– Да ты таков перец, что тебя бы ей и одного за глаза хватило, – съехидничал Илья под смех сидящих.
– Не перебивай, – огрызнулся Егор, явно входя во вкус своего рассказа и продолжил:
– И вот, я потемну, конечно, захожу к ней. В комнате две койки, стол, на столе лампа-керосинка, две рюмки и тарелка с жареной картошкой. А она из-за шторки в углу комнаты и говорит: «Проходи к столу, присядь. Я сейчас выйду». Рюмки на столе, кстати, да и картошечка к грибкам очень подойдет, удачно всё складывается, подумал я и выставил на стол настойку и грибы. Хорошо, что теплая осень была, и я налегке пришел. Ни куртку, ни сапоги на входе снимать не надо было. Да у них и места для вешалки и то нет. И тут выходит она. Окинула стол, меня взглядом и, указав на бутылку, спросила: «Неужели вино?» Я ответил: «Ягодная настойка на первочке для услады». Она ухмыльнулась и заговорила. «Егорушка, а чего ты ко мне, а не к Файке-учетчице пошел. Культурно отдохнуть решил? Но с таким пойлом надо было бы тебе к ней свернуть. А я к хорошему вину привыкла. Знаю, тут его не достать, но если ты хотя бы двадцатку девушке на цветы предложишь, то можем и продолжить разговор», – огорошила она меня.
– Ха-ха-ха, о це приголубила любодейка, – засмеялся в бороду бородач, и дружный хохот бригады спугнул сидящую на лесине ворону.
Чуть выждав, Егор продолжил:
– Так вот, заело меня это. Чё ей сказать? Я-то задарма привык по простоте душевной. Конечно, Файка – простая девка, но всё при ней: и сися, и пися, и грамота – то ей ни к чему.
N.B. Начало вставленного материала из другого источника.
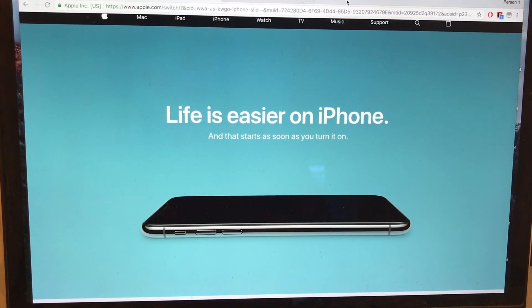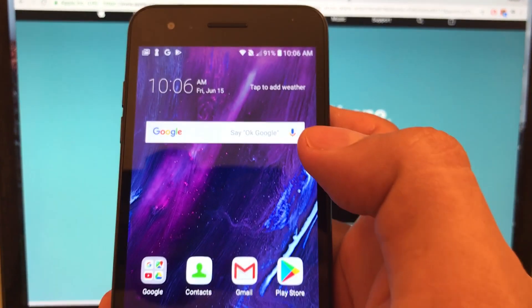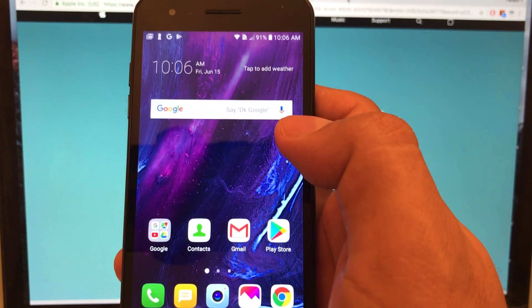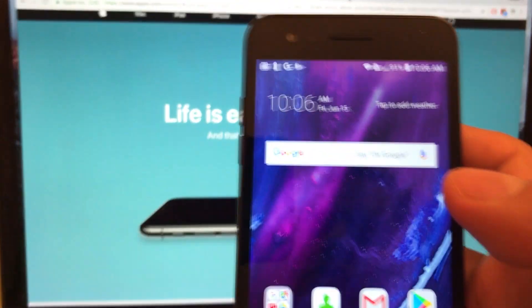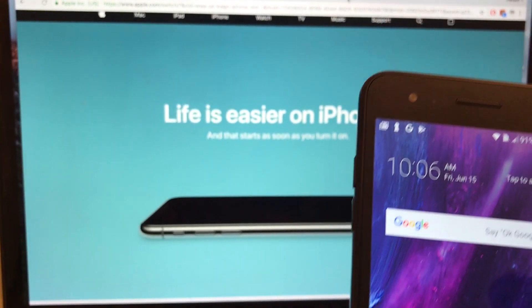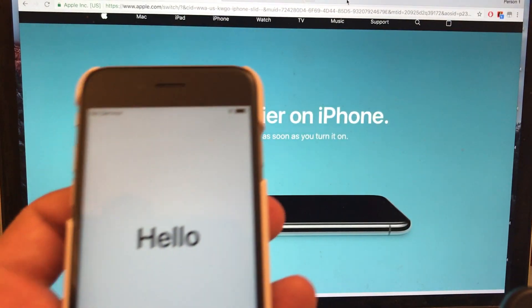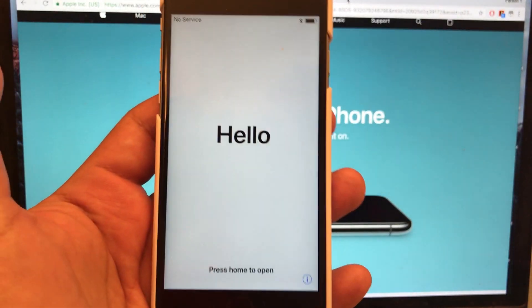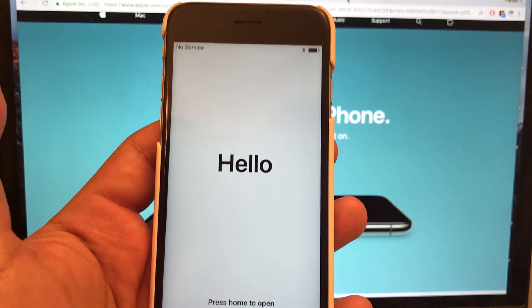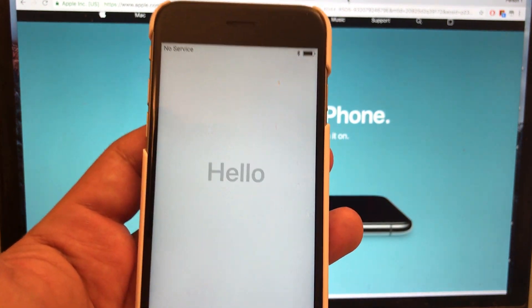Hello guys, how are you doing? Today I'm going to show you how to move from Android to iOS. So I have this iPhone that is about to be set up. So let's start it guys.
Как-то я сразу по-другому посмотрел на эту Ганку. В домашнем халатике, бледнолицая, худенькая, ну чисто – вобла сушеная, а с таким гонором, да к такой только с самогоном и ходить, да с крепким, а то нераззадоришься. Ну, думаю: «Привыкла ты в своем городе так зарабатывать Ганка-поганка, а тут ты ведь на исправлении у нас. Вот и привыкай задарма да от души всякие дела делать». Я встал и молча ушел.
– Эх, так и не отжарил, Марусячку-шельму, – сочувственно махнул рукой Илья и добавил, – Самогон бы хоть забрал.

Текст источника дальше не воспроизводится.